#### TASK INPUT

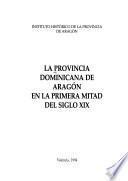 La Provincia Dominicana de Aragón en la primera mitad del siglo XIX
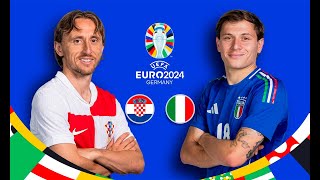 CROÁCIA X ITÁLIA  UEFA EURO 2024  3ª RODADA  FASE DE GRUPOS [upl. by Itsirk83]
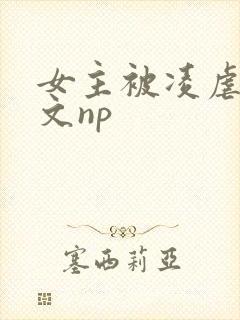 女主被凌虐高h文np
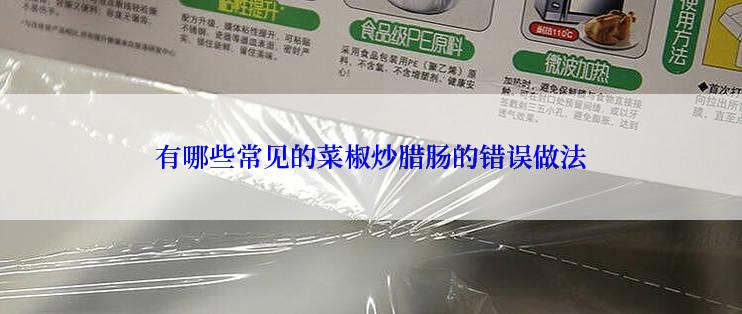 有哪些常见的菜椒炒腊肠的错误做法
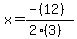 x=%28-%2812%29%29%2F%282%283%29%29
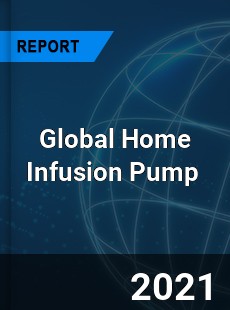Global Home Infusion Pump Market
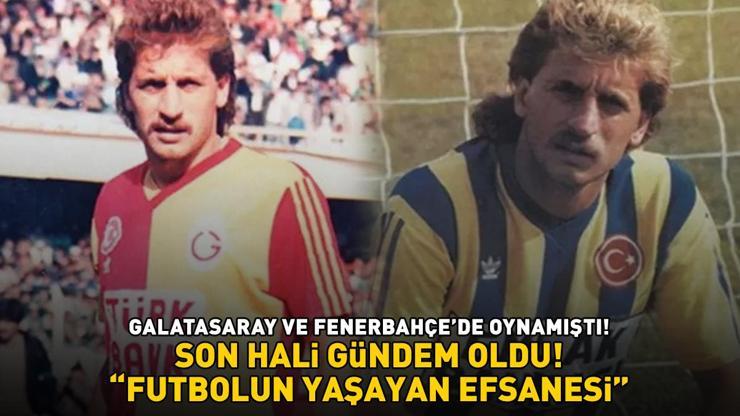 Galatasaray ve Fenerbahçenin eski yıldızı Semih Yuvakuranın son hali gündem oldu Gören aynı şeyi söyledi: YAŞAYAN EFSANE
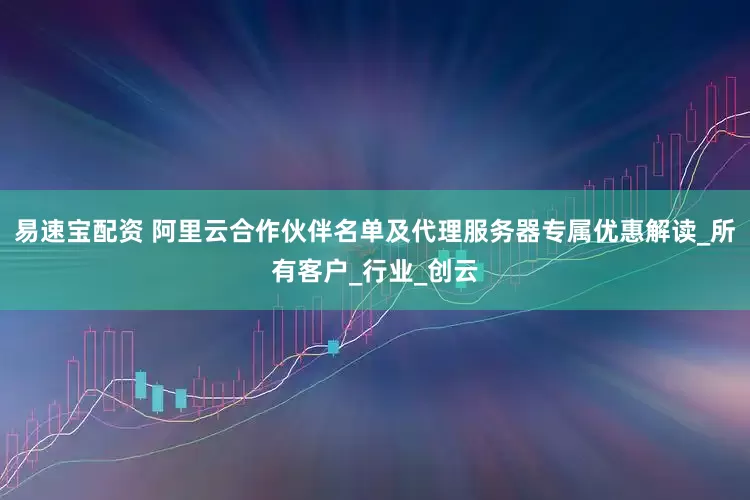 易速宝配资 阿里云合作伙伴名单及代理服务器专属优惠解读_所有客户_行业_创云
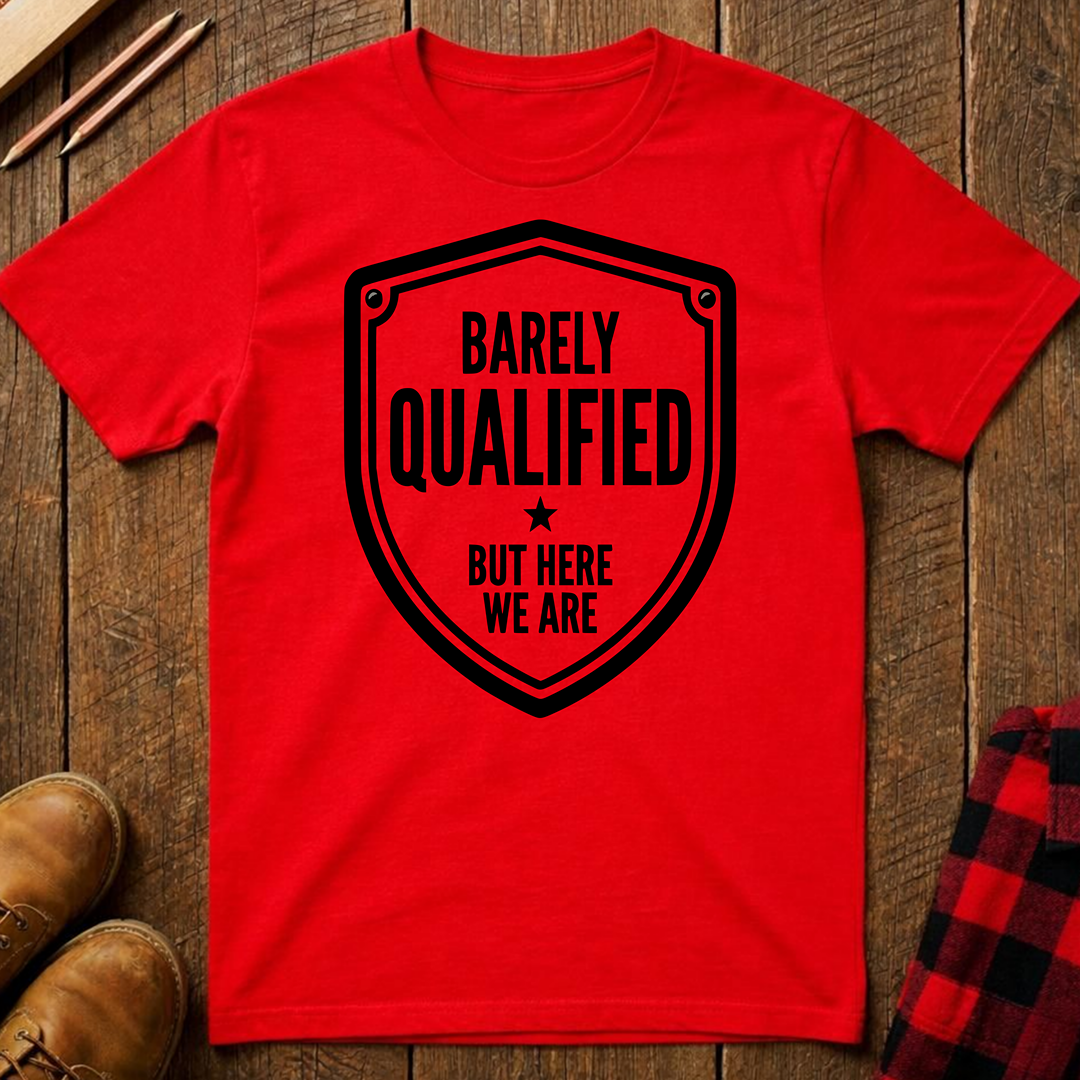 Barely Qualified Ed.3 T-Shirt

########

### DESCRIPTION OF THE TASK
Transcribe exactly each line of the records from the start up to and including the one with "Galatasaray ve Fenerbahçenin", and leave out every picture.

### SOLUTION TO THIS EXERCISE
 La Provincia Dominicana de Aragón en la primera mitad del siglo XIX
 CROÁCIA X ITÁLIA  UEFA EURO 2024  3ª RODADA  FASE DE GRUPOS [upl. by Itsirk83]
 女主被凌虐高h文np
 有哪些常见的菜椒炒腊肠的错误做法
 x=%28-%2812%29%29%2F%282%283%29%29
Global Home Infusion Pump Market
 Galatasaray ve Fenerbahçenin eski yıldızı Semih Yuvakuranın son hali gündem oldu Gören aynı şeyi söyledi: YAŞAYAN EFSANE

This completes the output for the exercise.